- _WHAT YOU SHOULD DO_:
Taking the listing below, restate word for word each line from the line with "米兰体育官网下载平台APP：体育运动中的俚语表达：如" to the line with "Photo 7 - Maison à PLESTIN-LES-GREVES", ends included, and stop there.

- _STORED DATA_:
Start of Block
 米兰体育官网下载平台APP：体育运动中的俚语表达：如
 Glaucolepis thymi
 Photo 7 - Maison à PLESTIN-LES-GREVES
End of Block
Start of Block
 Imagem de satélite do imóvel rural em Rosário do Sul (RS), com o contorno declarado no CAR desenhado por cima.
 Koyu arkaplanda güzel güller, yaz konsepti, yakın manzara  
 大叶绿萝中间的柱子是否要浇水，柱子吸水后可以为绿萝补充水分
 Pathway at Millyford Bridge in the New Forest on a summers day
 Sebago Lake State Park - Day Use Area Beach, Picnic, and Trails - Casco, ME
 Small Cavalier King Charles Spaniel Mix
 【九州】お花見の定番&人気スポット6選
End of Block
- _EXERCISE SOLUTION_:
 米兰体育官网下载平台APP：体育运动中的俚语表达：如
 Glaucolepis thymi
 Photo 7 - Maison à PLESTIN-LES-GREVES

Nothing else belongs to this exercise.